§ Work to complete
Work through the records that follow and return each line containing the word "sale".

══════════

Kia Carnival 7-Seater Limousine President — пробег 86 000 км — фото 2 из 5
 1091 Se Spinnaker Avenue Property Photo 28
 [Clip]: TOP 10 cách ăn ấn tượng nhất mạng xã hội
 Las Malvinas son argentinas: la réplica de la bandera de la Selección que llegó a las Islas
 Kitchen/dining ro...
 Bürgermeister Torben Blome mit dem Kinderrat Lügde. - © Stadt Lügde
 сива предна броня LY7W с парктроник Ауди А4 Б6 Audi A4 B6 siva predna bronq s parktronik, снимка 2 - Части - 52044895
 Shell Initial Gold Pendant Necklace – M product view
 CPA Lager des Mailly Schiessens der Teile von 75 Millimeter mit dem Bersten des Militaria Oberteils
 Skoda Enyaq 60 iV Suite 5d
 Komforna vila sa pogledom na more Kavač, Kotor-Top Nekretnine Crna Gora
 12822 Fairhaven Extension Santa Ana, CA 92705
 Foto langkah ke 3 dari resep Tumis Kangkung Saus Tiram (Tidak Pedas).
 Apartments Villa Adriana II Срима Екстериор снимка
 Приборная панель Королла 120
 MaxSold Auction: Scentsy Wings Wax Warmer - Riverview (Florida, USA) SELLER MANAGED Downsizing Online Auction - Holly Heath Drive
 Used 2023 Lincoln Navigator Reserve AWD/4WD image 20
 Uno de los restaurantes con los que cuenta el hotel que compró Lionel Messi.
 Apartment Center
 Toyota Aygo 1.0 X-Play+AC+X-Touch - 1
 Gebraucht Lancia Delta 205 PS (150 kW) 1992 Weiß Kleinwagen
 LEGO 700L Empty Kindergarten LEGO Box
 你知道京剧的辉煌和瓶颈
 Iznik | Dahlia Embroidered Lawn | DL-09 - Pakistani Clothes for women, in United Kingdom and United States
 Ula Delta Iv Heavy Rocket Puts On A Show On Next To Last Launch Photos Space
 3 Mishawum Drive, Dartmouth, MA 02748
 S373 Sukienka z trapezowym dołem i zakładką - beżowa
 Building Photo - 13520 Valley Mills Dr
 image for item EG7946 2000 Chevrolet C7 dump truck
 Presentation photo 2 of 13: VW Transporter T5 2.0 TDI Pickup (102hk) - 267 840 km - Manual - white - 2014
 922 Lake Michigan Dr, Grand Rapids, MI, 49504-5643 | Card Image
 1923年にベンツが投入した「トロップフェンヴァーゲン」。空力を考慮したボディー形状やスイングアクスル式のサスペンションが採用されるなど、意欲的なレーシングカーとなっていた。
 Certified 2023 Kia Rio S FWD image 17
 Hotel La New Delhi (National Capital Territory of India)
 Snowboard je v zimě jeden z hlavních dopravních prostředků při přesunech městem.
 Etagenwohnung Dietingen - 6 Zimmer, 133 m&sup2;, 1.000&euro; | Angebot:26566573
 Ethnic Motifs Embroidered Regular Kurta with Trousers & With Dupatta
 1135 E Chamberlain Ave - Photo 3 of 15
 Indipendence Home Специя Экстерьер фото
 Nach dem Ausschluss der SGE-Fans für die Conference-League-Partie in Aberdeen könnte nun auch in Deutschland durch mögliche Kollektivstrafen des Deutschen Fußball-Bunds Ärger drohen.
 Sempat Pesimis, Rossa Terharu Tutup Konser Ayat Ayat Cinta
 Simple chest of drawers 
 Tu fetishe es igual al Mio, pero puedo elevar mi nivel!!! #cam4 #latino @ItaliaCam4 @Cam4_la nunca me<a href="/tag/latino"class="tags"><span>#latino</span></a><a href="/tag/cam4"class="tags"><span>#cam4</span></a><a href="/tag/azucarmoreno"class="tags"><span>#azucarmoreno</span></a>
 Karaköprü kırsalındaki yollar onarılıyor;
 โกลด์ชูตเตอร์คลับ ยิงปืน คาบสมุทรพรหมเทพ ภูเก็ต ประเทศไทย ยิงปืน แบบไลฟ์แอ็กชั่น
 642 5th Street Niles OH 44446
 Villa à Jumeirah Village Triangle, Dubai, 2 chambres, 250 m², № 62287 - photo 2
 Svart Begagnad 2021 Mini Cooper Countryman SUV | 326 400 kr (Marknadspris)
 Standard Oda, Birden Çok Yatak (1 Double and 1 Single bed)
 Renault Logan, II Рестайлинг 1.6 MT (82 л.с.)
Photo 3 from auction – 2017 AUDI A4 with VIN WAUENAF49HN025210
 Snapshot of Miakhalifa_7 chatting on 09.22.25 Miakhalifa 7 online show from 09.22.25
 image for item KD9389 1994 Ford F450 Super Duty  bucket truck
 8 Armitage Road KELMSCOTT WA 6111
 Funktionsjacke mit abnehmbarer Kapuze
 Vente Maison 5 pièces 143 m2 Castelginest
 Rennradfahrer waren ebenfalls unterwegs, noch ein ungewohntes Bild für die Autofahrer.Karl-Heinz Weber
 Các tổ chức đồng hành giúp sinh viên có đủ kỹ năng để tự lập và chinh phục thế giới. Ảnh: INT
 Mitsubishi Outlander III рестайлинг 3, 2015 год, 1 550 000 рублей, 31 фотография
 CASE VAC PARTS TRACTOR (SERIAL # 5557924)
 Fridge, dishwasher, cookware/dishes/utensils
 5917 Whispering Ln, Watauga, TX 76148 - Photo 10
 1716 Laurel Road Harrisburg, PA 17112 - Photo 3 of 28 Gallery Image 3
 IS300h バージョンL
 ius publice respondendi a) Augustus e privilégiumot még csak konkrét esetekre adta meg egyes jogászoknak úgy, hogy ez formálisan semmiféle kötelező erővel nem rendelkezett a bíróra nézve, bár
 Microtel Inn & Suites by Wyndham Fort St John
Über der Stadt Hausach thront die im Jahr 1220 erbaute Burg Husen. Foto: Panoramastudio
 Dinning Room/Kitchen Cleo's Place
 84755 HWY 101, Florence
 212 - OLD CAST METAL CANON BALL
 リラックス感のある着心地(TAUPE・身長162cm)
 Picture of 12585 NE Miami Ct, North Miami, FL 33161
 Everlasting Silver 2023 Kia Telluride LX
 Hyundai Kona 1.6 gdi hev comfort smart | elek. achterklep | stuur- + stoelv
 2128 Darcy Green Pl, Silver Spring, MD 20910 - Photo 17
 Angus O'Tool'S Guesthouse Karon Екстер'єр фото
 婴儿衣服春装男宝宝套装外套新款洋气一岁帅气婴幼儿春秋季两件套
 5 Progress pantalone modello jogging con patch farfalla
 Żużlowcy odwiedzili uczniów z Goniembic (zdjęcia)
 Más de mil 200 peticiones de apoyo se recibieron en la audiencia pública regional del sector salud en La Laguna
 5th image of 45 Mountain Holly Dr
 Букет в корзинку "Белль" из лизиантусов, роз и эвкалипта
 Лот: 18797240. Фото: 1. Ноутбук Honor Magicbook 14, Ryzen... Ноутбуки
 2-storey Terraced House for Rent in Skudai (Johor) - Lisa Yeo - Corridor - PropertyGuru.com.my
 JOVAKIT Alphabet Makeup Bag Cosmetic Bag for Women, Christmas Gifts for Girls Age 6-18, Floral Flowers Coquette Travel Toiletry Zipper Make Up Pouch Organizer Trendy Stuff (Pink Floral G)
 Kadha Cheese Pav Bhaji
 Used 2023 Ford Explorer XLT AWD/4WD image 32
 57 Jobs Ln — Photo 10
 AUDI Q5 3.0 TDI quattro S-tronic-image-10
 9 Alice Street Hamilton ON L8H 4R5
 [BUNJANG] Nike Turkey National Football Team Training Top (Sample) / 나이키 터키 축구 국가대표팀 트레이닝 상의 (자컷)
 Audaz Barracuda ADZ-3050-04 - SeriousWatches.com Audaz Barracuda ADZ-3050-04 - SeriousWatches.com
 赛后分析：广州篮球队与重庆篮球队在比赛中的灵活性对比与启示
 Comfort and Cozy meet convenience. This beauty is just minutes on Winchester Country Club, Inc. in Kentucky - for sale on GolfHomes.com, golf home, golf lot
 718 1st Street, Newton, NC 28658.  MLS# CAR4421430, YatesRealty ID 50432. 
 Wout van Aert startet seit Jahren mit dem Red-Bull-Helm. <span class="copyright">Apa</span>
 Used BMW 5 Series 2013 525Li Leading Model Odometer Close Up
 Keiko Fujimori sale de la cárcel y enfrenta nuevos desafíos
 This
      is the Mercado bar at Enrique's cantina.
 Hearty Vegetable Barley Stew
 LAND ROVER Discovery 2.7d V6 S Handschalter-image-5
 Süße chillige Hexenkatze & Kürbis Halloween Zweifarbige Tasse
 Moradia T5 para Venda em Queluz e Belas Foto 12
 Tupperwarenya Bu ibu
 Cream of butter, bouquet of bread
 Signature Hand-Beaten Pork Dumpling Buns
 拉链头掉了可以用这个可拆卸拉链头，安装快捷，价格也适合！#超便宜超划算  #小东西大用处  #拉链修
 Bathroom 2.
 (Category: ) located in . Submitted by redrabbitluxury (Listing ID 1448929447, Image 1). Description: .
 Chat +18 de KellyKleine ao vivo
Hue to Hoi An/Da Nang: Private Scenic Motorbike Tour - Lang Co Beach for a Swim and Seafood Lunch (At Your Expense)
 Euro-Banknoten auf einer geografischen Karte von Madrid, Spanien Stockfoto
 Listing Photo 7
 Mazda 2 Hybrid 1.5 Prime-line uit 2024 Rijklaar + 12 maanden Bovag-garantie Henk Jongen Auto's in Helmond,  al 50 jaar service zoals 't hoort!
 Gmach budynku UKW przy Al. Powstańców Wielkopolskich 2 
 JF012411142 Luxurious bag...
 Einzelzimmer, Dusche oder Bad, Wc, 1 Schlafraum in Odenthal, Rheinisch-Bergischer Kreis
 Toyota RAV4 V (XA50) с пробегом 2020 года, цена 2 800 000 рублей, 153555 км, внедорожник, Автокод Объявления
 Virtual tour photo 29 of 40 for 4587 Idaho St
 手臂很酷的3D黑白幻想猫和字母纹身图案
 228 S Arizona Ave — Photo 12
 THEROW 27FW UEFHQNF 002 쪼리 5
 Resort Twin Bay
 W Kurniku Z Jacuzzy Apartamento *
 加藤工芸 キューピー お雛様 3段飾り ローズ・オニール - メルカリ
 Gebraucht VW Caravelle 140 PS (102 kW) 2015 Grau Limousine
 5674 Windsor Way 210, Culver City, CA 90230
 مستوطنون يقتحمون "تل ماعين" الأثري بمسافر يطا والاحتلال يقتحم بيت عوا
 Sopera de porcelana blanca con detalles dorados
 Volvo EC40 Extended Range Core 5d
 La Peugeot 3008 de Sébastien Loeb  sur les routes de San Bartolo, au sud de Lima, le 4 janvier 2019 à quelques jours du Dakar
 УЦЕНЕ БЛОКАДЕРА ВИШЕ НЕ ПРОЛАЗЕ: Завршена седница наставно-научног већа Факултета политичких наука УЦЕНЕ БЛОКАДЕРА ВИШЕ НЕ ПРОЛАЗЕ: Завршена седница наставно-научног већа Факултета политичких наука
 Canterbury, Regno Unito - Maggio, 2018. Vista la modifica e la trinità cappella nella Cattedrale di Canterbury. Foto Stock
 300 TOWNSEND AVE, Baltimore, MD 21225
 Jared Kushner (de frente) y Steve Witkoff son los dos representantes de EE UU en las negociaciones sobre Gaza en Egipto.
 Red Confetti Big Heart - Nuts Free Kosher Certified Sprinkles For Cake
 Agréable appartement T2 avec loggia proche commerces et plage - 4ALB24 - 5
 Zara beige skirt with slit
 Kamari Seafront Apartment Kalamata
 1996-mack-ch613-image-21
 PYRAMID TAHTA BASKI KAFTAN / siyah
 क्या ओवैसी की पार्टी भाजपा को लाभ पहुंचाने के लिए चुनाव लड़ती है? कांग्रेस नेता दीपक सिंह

══════════

§ Exercise output
 Comfort and Cozy meet convenience. This beauty is just minutes on Winchester Country Club, Inc. in Kentucky - for sale on GolfHomes.com, golf home, golf lot
 Keiko Fujimori sale de la cárcel y enfrenta nuevos desafíos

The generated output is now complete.